[[ STORED DATA, beginning ]]

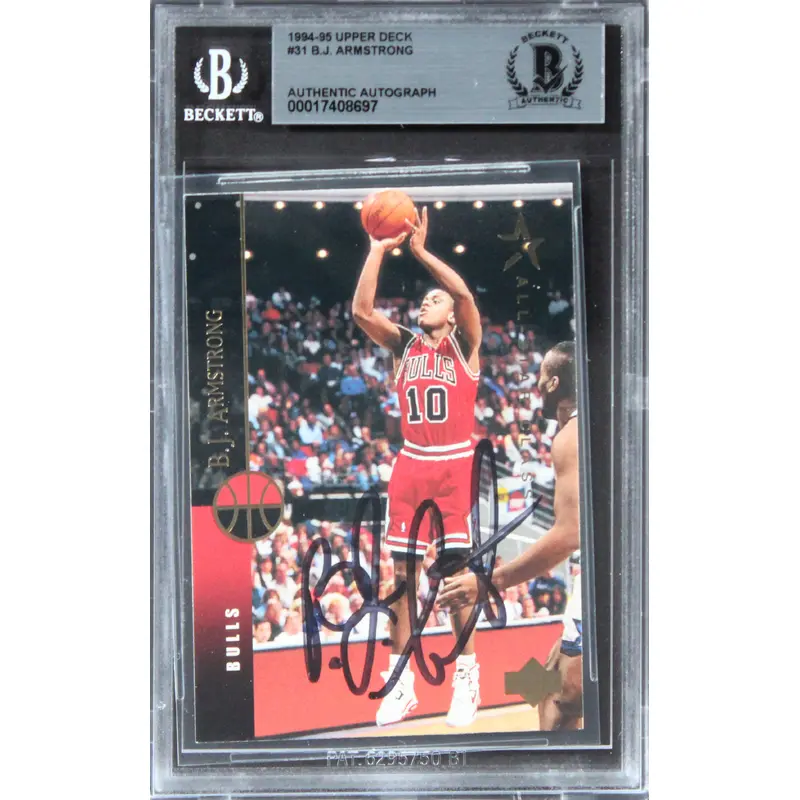 Bulls B.J. Armstong Authentic Signed 1994 Upper Deck #31 Card BAS Slabbed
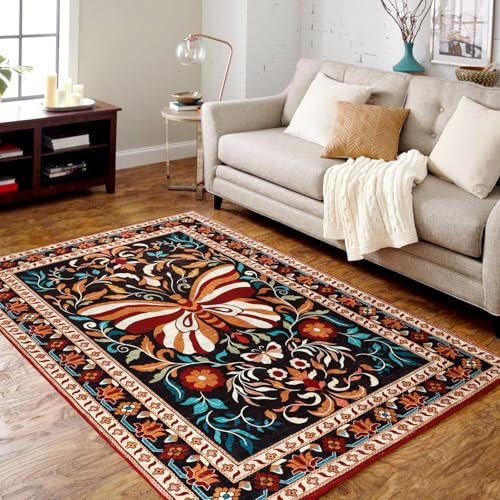 TUKDAK Butterfly Rugs Living Room 120x180cm, Non-Slip Washable Area Rugs for Bedroom, Soft Low Pile Carpet for Living Room, Floor Carpet for Office Dining Room Kitchen Nursery Bedside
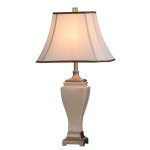 Cream Crackle Cream Crackle Design Table Lamp With Trimmed Square Cut Corner Shade - Image 3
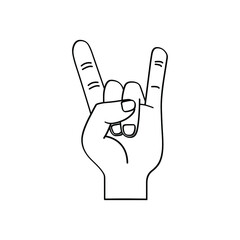 Rock Hand icon vector set. rock and roll illustration sign collection. rock concert symbol or logo.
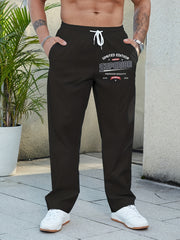 Мужские повседневные широкие штаны с принтом и шнурком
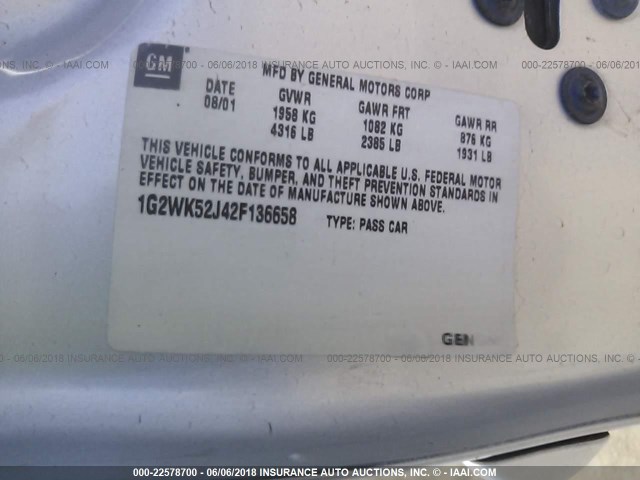 1G2WK52J42F136658 - 2002 PONTIAC GRAND PRIX SE 银色 照片 9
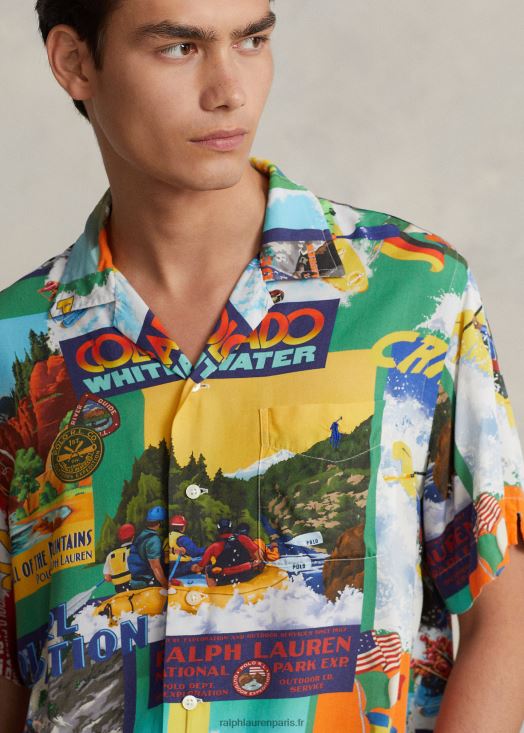 chemise de camp à imprimé kayak 46T60T714 Hommes Ralph Lauren expédition en kayak
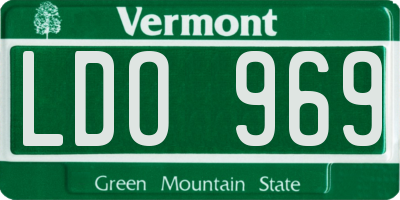 VT license plate LDO969
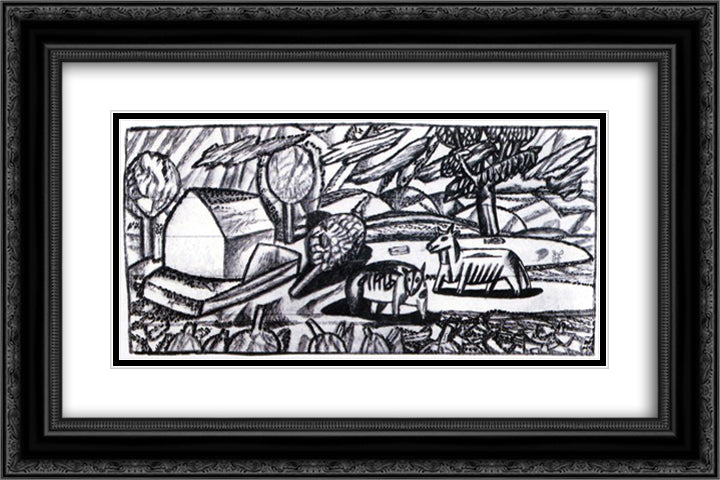 Landscape with Two Animals 24x16 Black Ornate Wood Framed Art Print Poster with Double Matting by Filonov, Pavel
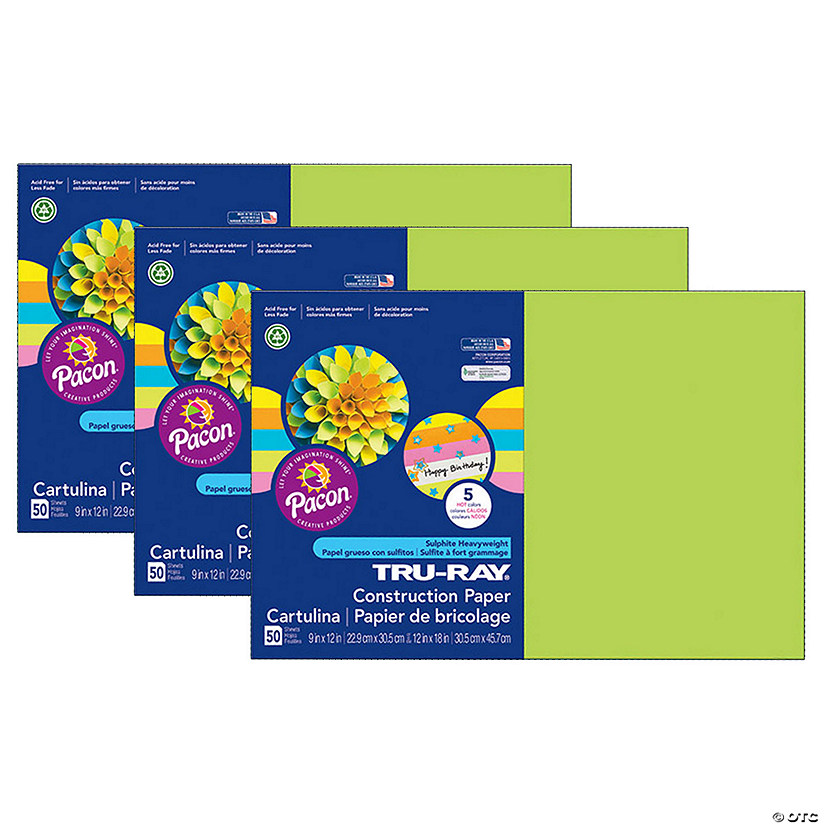 Tru-Ray Construction Paper, 5 Assorted Hot Colors, 12" x 18", 50 Sheets Per Pack, 3 Packs Image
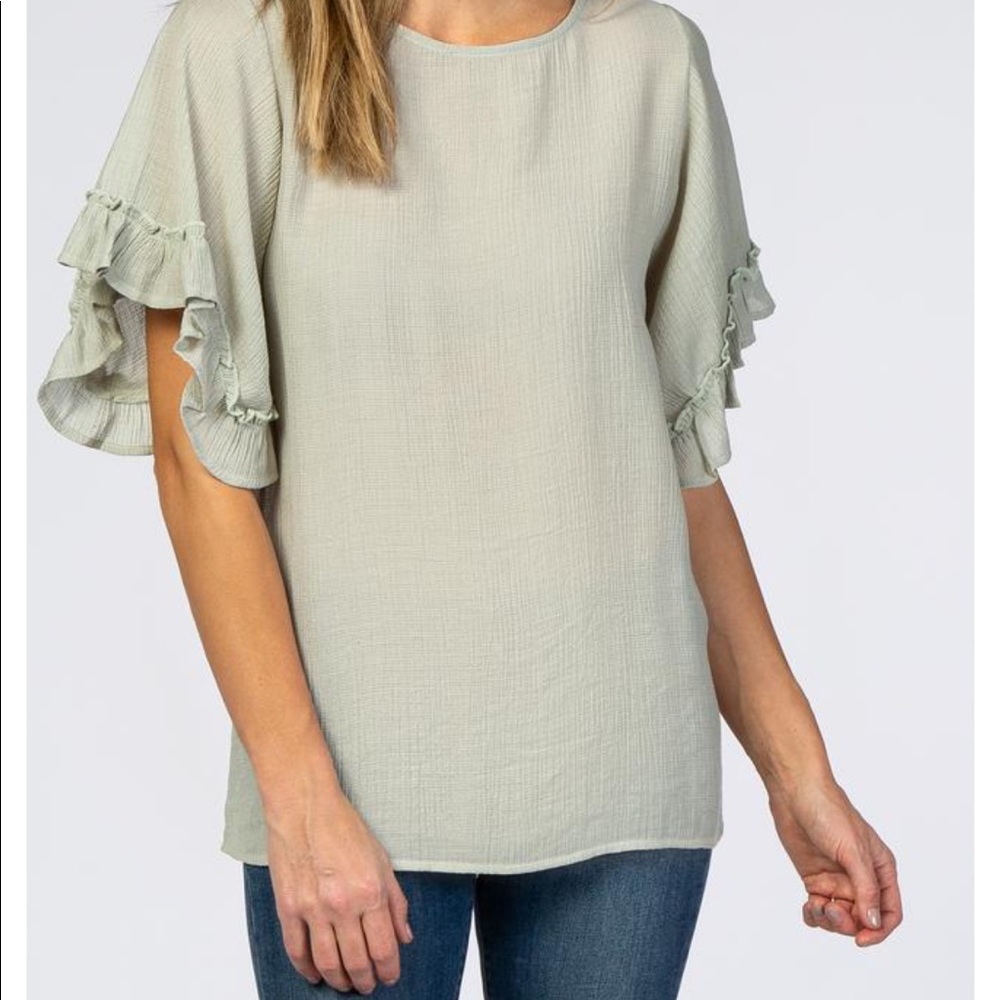 Sage Green, Ruffle sleeves blouse - Pinkblush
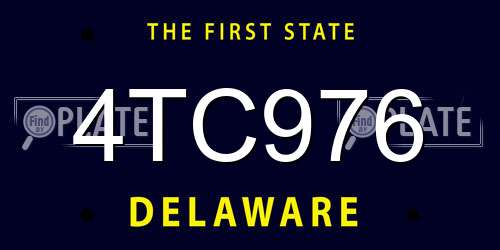 4TC976 Delaware License Plate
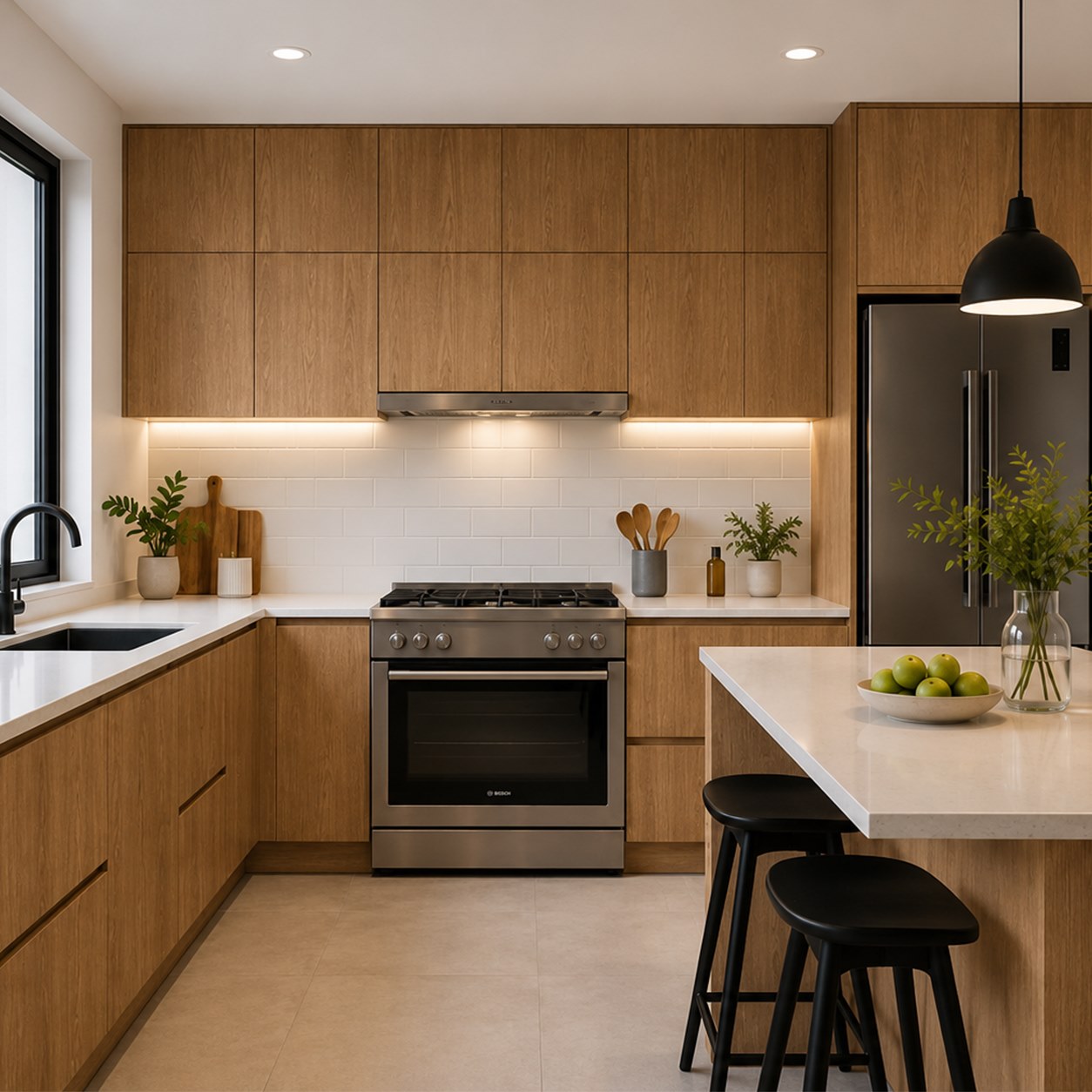 Warm Oak Flat Panel Kitchen Cabinets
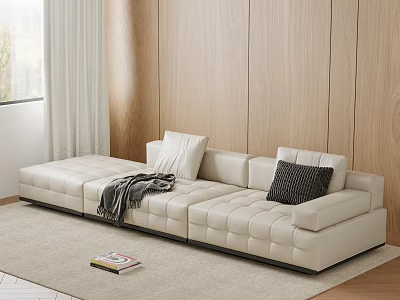 White Multi-Seater Sofa with Pillows Throw Blanket and Wooden Wall Background on Rug 3d model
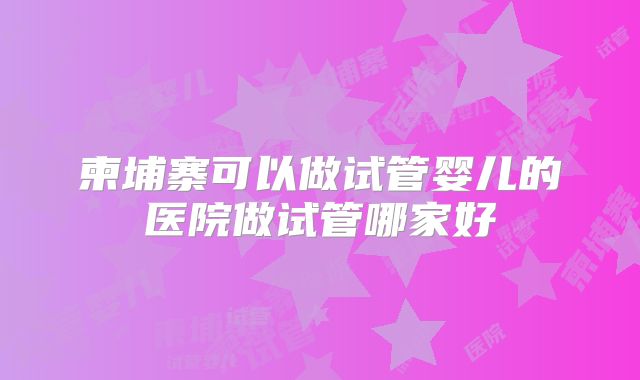 柬埔寨可以做试管婴儿的医院做试管哪家好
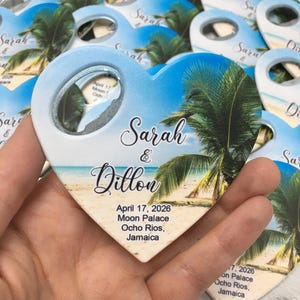 Personalized Palm Tree Bottle Opener Magnet Favors: Beach Wedding Keepsake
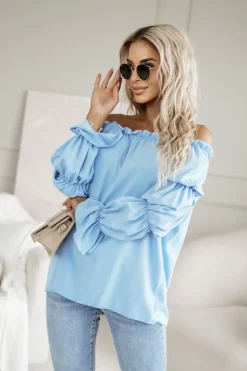 BLUZKA KOSZULOWA INEZ HISZPANKA BŁĘKITNA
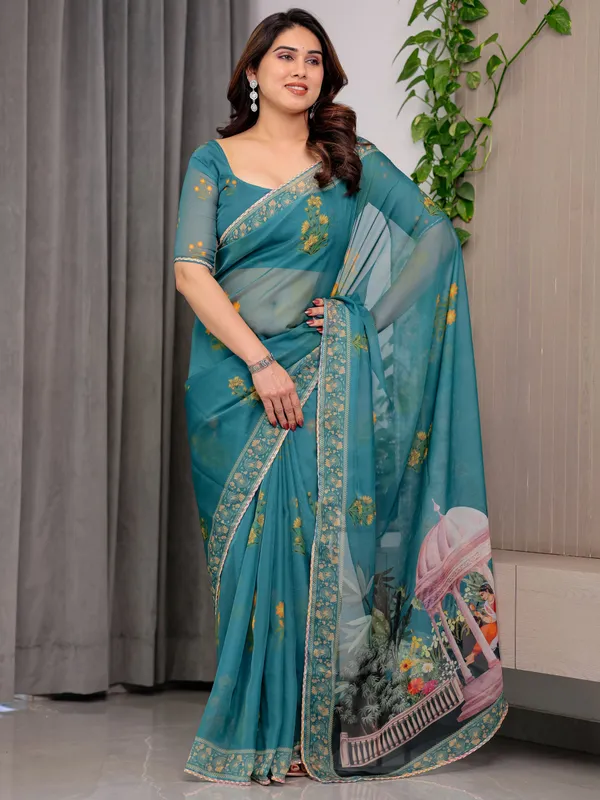 Teal_Green_Scenic_Printed_Organza_Saree_with_Garden_Pavilion_Artwork_Pallu_|_Designer_Lightweight_Organza_Saree_with_Floral_Motifs_&_Decorative_Border_|_Festive_&_Party_Wear_Saree_with_Blouse_Piece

[[ STORED DATA, end ]]

TASK TO CARRY OUT:
Your task is to repeat exactly the lines from the one containing "VT license plate LDO969" through the end of the material, both included, and only those, without pictures.

YOUR RESPONSE:
 VT license plate LDO969
 Landscape with Two Animals 24x16 Black Ornate Wood Framed Art Print Poster with Double Matting by Filonov, Pavel
 Tru-Ray Construction Paper, 5 Assorted Hot Colors, 12" x 18", 50 Sheets Per Pack, 3 Packs Image
 Sage Green, Ruffle sleeves blouse - Pinkblush
 4TC976 Delaware License Plate
 Warm Oak Flat Panel Kitchen Cabinets
 White Multi-Seater Sofa with Pillows Throw Blanket and Wooden Wall Background on Rug 3d model
 柬埔寨可以做试管婴儿的医院做试管哪家好
 Personalized Palm Tree Bottle Opener Magnet Favors: Beach Wedding Keepsake
 BLUZKA KOSZULOWA INEZ HISZPANKA BŁĘKITNA
 Teal_Green_Scenic_Printed_Organza_Saree_with_Garden_Pavilion_Artwork_Pallu_|_Designer_Lightweight_Organza_Saree_with_Floral_Motifs_&_Decorative_Border_|_Festive_&_Party_Wear_Saree_with_Blouse_Piece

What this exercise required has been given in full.